Quick example times from a demo case running on my macbook(sampling output frequency = 2) netcdf with 4 cores:

534:WallClockTime: 15 Pre: 0.0154 Solve: 6.515 Post: 0.0902 Total: 6.621
550:WallClockTime: 16 Pre: 0.0156 Solve: 6.41 Post: 0.502 Total: 6.928
566:WallClockTime: 17 Pre: 0.0153 Solve: 6.81 Post: 0.0917 Total: 6.917
582:WallClockTime: 18 Pre: 0.0157 Solve: 6.645 Post: 0.545 Total: 7.205

netcdf with 8 cores:

534:WallClockTime: 15 Pre: 0.00802 Solve: 4.207 Post: 0.0475 Total: 4.263
550:WallClockTime: 16 Pre: 0.00879 Solve: 4.316 Post: 0.671 Total: 4.996
566:WallClockTime: 17 Pre: 0.00946 Solve: 4.529 Post: 0.0449 Total: 4.583
582:WallClockTime: 18 Pre: 0.00891 Solve: 4.17 Post: 0.685 Total: 4.865

Note how the Post times with 8 cores is slower than with 4 cores. This disappears when using the native output format which is both faster, and does not slow down while increasing the number of cores.

native with 4 cores:

534:WallClockTime: 15 Pre: 0.0159 Solve: 6.473 Post: 0.0862 Total: 6.575
550:WallClockTime: 16 Pre: 0.0156 Solve: 6.489 Post: 0.473 Total: 6.977
566:WallClockTime: 17 Pre: 0.0159 Solve: 6.555 Post: 0.0873 Total: 6.658
582:WallClockTime: 18 Pre: 0.0166 Solve: 6.505 Post: 0.456 Total: 6.978

native with 8 cores:

534:WallClockTime: 15 Pre: 0.00857 Solve: 4.031 Post: 0.0471 Total: 4.087
550:WallClockTime: 16 Pre: 0.0121 Solve: 3.931 Post: 0.395 Total: 4.338
566:WallClockTime: 17 Pre: 0.00828 Solve: 4 Post: 0.0613 Total: 4.069
582:WallClockTime: 18 Pre: 0.0148 Solve: 3.866 Post: 0.397 Total: 4.278
moprak-nrel commented 7 months ago

Note however that this will not directly help with the ABLStats, where the currently available output formats are just netcdf and ascii.
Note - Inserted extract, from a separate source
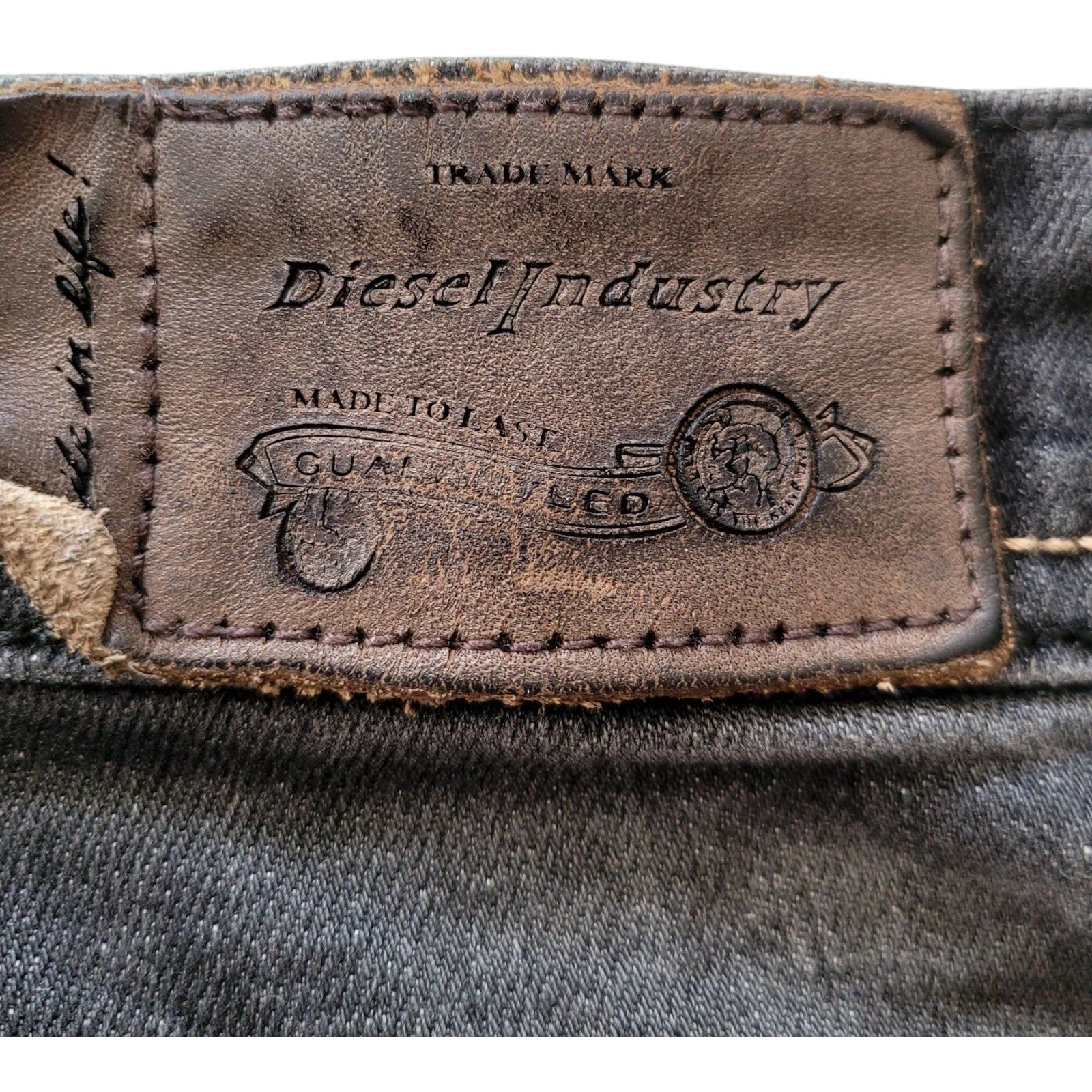 Vintage Diesel Industry Italy Jeans – W34 – Tapered Fit – Dark Grey - USASTARFASHION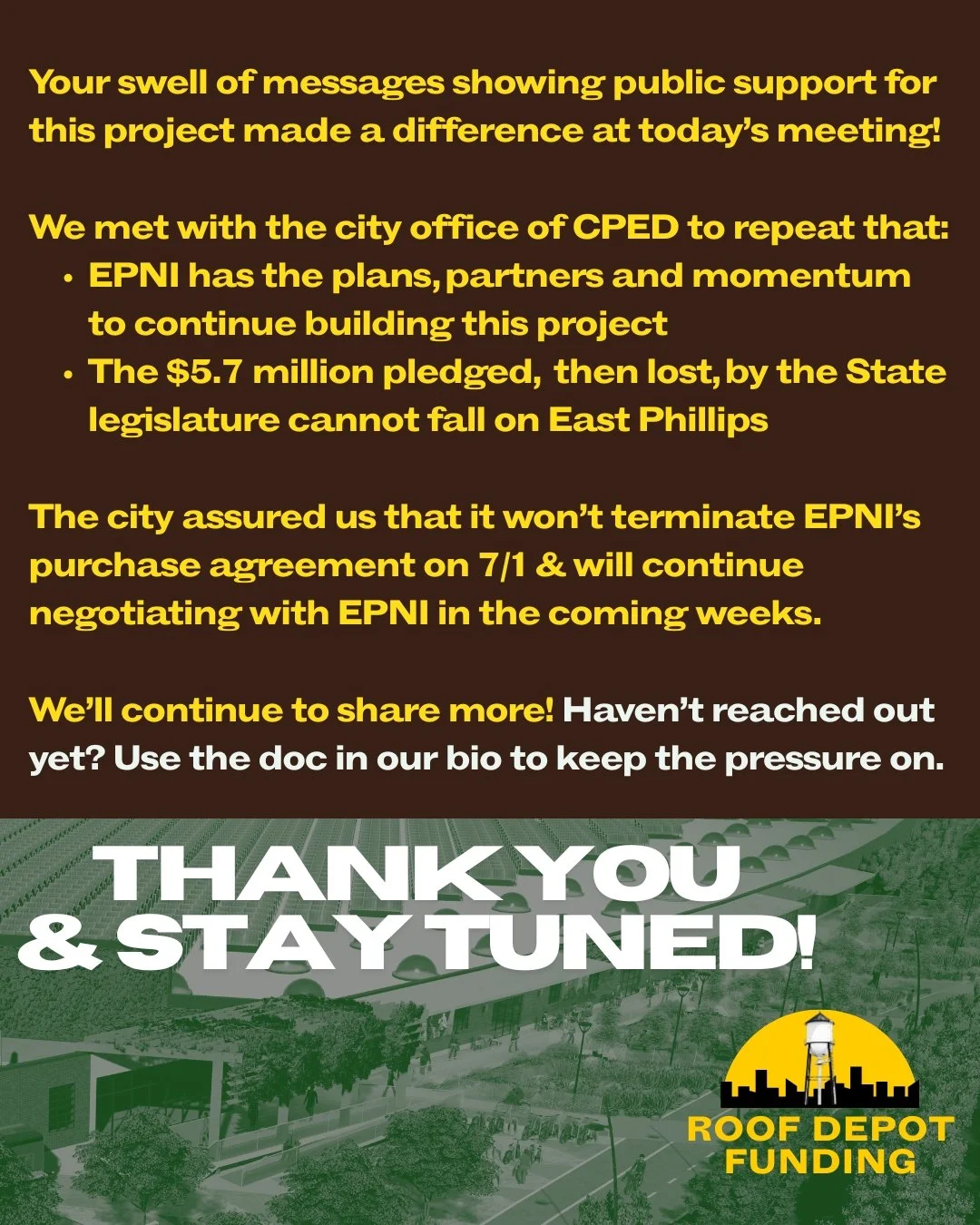 FUNDING UPDATE: Purchase Agreement Negotiations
I need to poke around more to see if the majority of the slowdown is from the IO first (vs communications/computations).

moprak-nrel commented 7 months ago

Upon testing the ABLStats with and without the IO (I added a return before the netcdf IO starts), the majority of the time there seems to be from the computations.

I am inclined to close this issue given the native writer seems to fix the sampling outputs, and the bottlenecks with the ABLStats are not IO bound. Feel free to reopen if you have other things to try or if you notice a major slowdown with the native output format on larger runs.